L. Gordon Flake, a Korea specialist with the Mansfield Foundation, said there is no expectation that Beijing should cut off relations with the ally for which it sent 3 million soldiers to fight during the Korean War. But he argues that Chinese backing for North Korean adventurism should not be unconditional.
“It is not just that China is turning a blind eye to what North Korea is doing, they are enabling North Korea,” Flake said. “China’s overt support for North Korea is blunting the effectiveness of diplomatic measures to curb their behavior.” [L.A. Times, Barbara Demick]
South Korea’s tone toward North Korea has changed beyond all recognition. The indulgence of the Sunshine Era is gone. Its new Defense Minister has now threatened to bomb North Korea so many times, and in language that sounds so, well, North Korean, that I’m almost starting to actually believe him:
“Fellow soldiers, as JCS chairman, I will completely crush the enemy with combined forces in coordination with the United States,” Gen. Han Min-koo, chairman of the Joint Chiefs of Staff (JCS), told the marines stationed on Yeonpyeong island, according to a statement released by the JCS. [Yonhap]
South Korea will swiftly and strongly respond with force until North Korea surrenders if the communist state launches another assault, the South’s new defence minister said. [….]

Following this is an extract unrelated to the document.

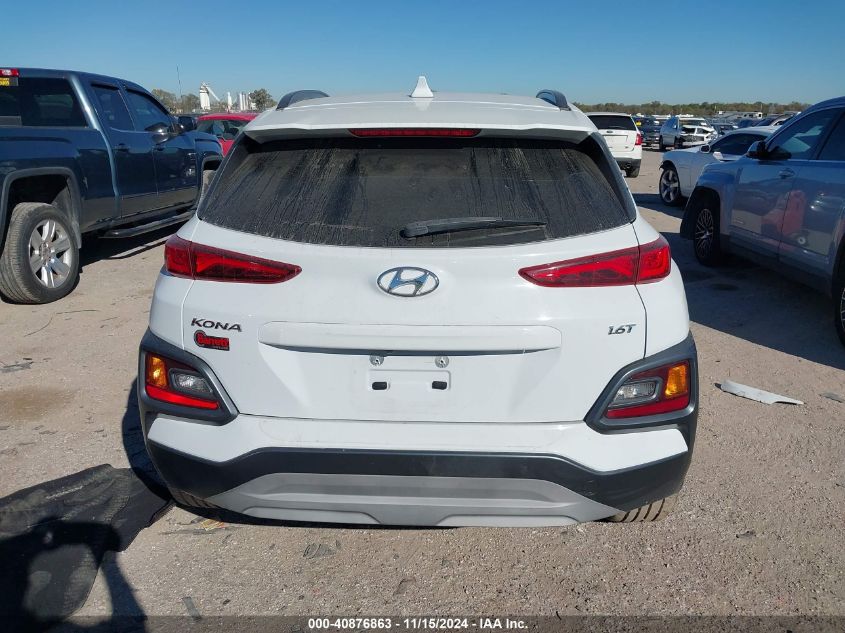 2021 Hyundai Kona Night VIN: KM8K63A54MU681731 Lot: 40876863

“Our enemies will keep trying to attack our weak spots and plot new forms of provocation. We must make them realise how steep a price they would have to pay for their provocations.” On Friday, the new defence minister said South Korea would hit back with air strikes at the North and “punish the attacker thoroughly” should the regime attack the South again. [AFP]
Why am I reminded of the first few minutes of this? (Some rough language here.)
Note that Mullen’s comments suggest that if there’s a response, it will be the South dropping the bombs and the Americans hanging back … and that’s good:
Asked about South Korea’s vows of using fighter jets to bomb North Korea in case of a future attack, Mullen replied, “South Korea is a sovereign nation that has every right to protect its people in order to effectively carry out that responsibility.”
South Korea “also has the right to choose the method which they respond,” Mullen said. [Yonhap]
A very important point to remember here is that North Korea’s sinking of the Cheonan and shelling of Yeonpyeong both happened around a key lifeline of South Korean commerce. Much of the shipping traffic to the Port of Incheon sails through the waters nearby, and most of its air traffic passes close to North Korea on its way to Incheon International Airport, or in the case of domestic flights, to Kimpo Airport. The South Koreans are right that their vital interests are at stake. I’d just rather they found other, smarter, asymmetric ways to strike at the heart of the North Korean problem.
For China, however, these policy shifts are big, and they could be important setbacks for its campaign to become Asia’s dominant power, and a recognized world power. For all the talk of China’s smooth realpolitik and gift for taking the long view, its recent behavior certainly has been emotional, unsteady, and short-sighted.